By Robert Frank
Hot on the heels of Show Canada’s triumph staging the Winter Olympics opening ceremonies in Russia, general manager Pierre Marchand is heading off to Brazil to pitch a preliminary contract to develop concepts for the 2016 Olympic Games in Rio de Janeiro.
“Our job is to provide the scenic elements for an artistic director or producer,” he told The Suburban in an interview. “We’re not in the forefront of the show. We’re playing with toys in the background.”
Show Canada, which employs some 150 workers in Laval, has been on a roll since its performance at the Vancouver Winter Olympics.
“Sochi was our biggest contract so far,” Marchand said. “We’re mainly an export company—80 percent of our business is done outside the country. Vancouver brought us to London. London brought us to Sochi—and now Sochi might bring us to Rio.”
He credits the city’s business development agency Laval Technopole helping to cut through bureaucratic red tape to make the Sochi success possible.
“It is quite complex to set foot in Russia with the intention to work there,” Marchand said. “Technopole helped us to navigate the visa process, which for Canadians was quite complex.”
Technopole also helped the company relocate in 2005, to a unique new purpose-built building in St.
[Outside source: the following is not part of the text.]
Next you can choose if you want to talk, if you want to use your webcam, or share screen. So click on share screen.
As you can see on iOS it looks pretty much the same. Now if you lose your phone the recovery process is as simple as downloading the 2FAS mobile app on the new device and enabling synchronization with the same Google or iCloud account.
Vincent du Paul.
“Our core staff needed to be within easy commuting distance plus we needed the right mix of affordability, construction and space,” Marchand explained. “With a 60,000 sq.ft. footprint, we have the highest-volume building in Laval and East End Montreal, with 70 ft. of open interior space overhead.
The company also briefly had a West Island presence. It rented space in the former Dominion Bridge plant in Lachine to assemble, test and disassemble its Sochi backdrops.
“We sent 154 forty-foot shipping containers to Sochi,” he recalled, “and chartered cargo 747 jumbo jets. It was one of the single-biggest maritime contracts our freight forwarder has handled in Montreal.”
What’s the secret of the Laval company’s success?
“It’s not what we do, it’s how we do it,” Marchand said. “They hire us because we have the entrepreneurial skill coupled with the will to deliver on-time, on-budget. That’s why they hire us.”
“When you host the Olympics, you invest in the opening ceremony because your country is making a statement,” Marchand concluded. “The entire world is watching, and you want to be seen at your best.”
He noted that Show Canada was not associated with the Olympic ring props that failed to open during the opening ceremonies.